===== Records supplied =====

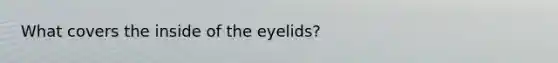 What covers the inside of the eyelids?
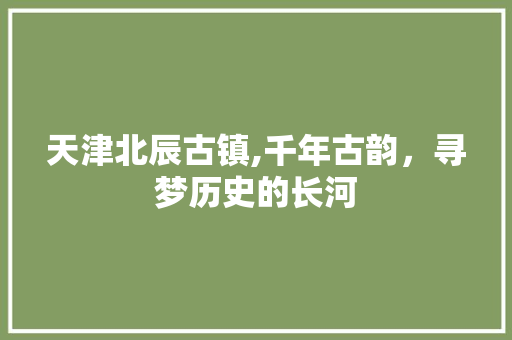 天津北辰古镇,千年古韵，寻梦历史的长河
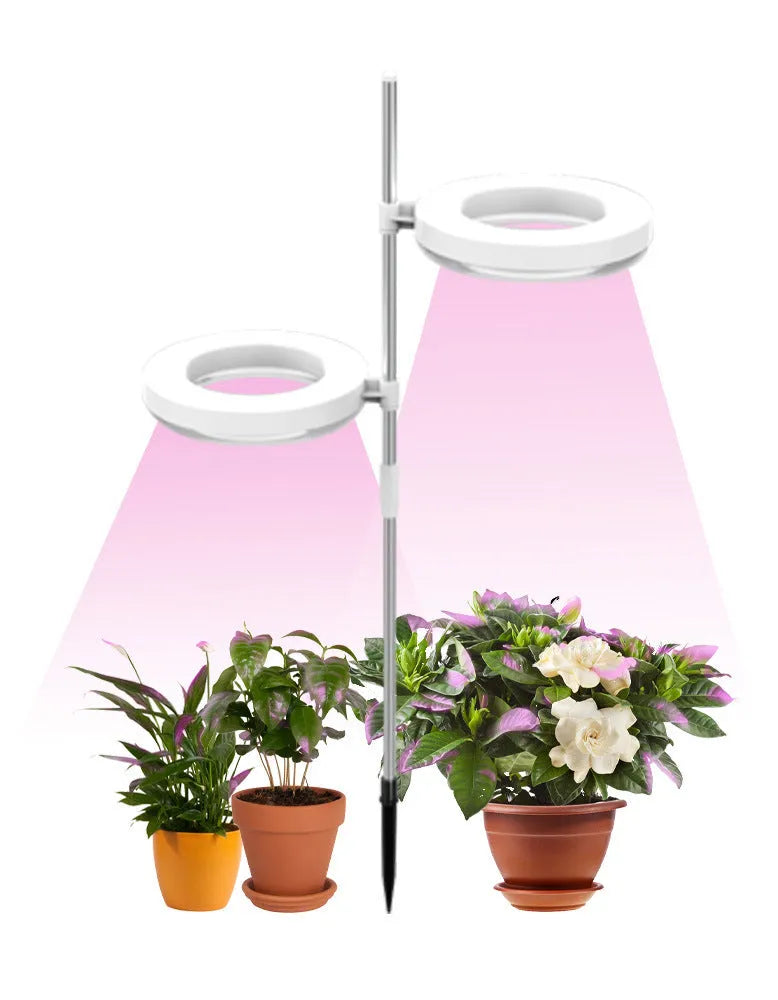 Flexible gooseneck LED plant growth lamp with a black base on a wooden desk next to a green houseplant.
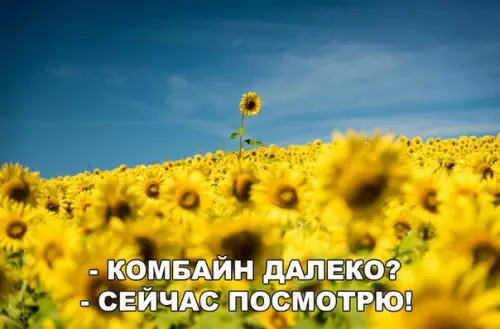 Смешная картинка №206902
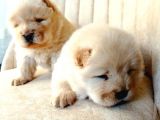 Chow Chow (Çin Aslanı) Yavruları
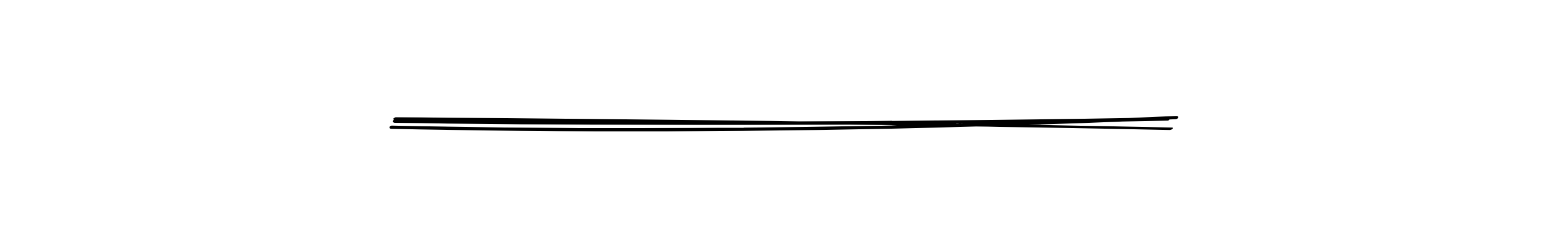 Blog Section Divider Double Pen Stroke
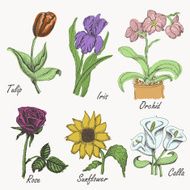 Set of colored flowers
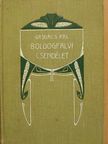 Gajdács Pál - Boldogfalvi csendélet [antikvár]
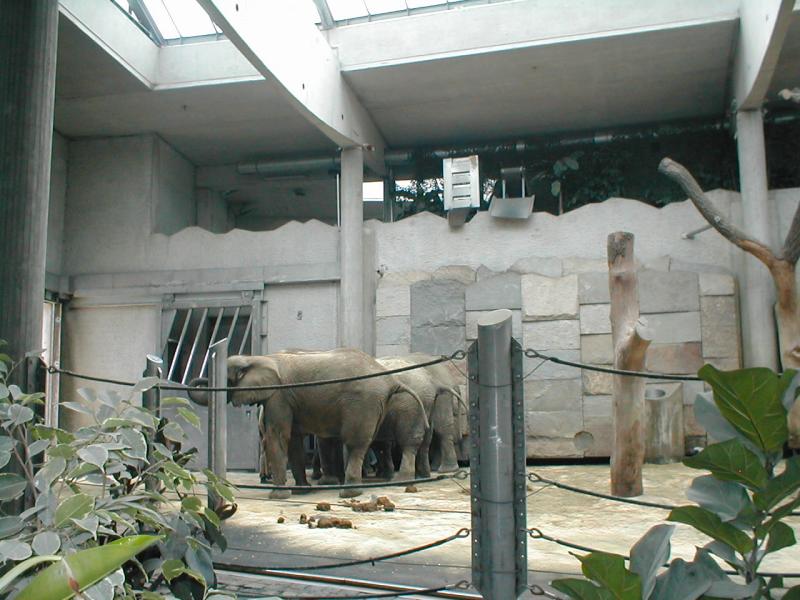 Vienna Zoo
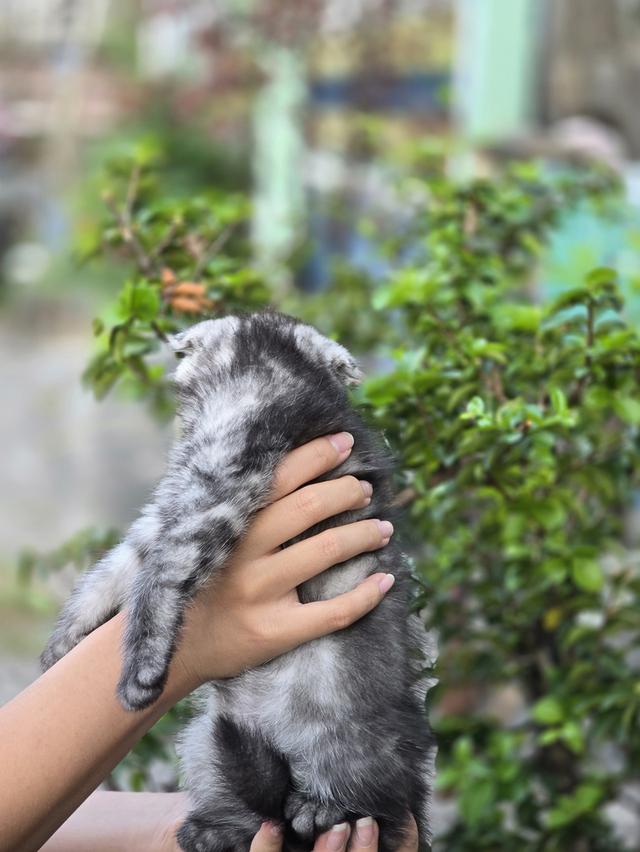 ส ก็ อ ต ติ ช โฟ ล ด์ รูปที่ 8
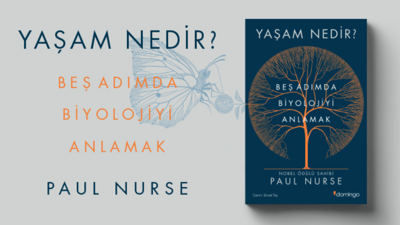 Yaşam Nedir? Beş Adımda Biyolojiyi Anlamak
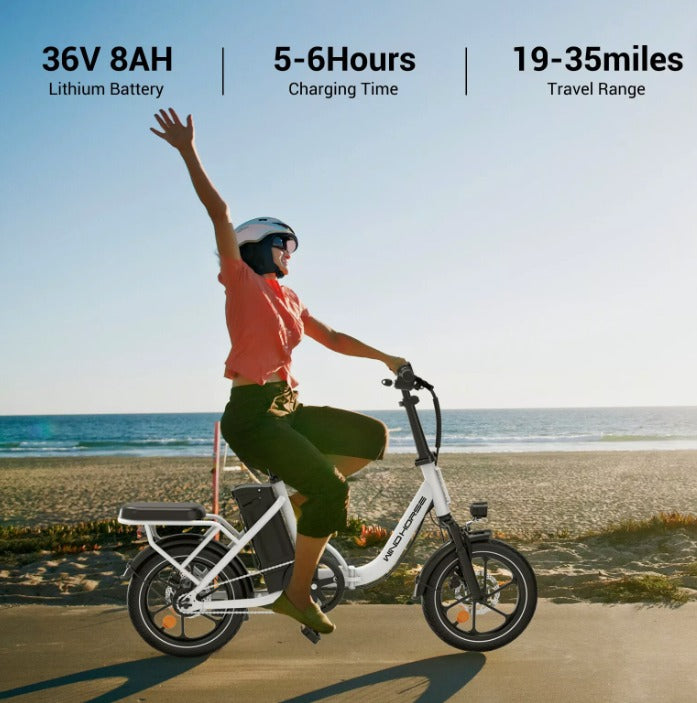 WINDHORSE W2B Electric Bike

=====

▸ **The task**
Give back the full listing exactly as written, only without its pictures.

▸ **Solution for this problem**
 What covers the inside of the eyelids?
 天津北辰古镇,千年古韵，寻梦历史的长河
 Flexible gooseneck LED plant growth lamp with a black base on a wooden desk next to a green houseplant.
 Смешная картинка №206902
 Chow Chow (Çin Aslanı) Yavruları
 Blog Section Divider Double Pen Stroke
 Set of colored flowers
 Gajdács Pál - Boldogfalvi csendélet [antikvár]
 Vienna Zoo
 ส ก็ อ ต ติ ช โฟ ล ด์ รูปที่ 8
 Yaşam Nedir? Beş Adımda Biyolojiyi Anlamak
 WINDHORSE W2B Electric Bike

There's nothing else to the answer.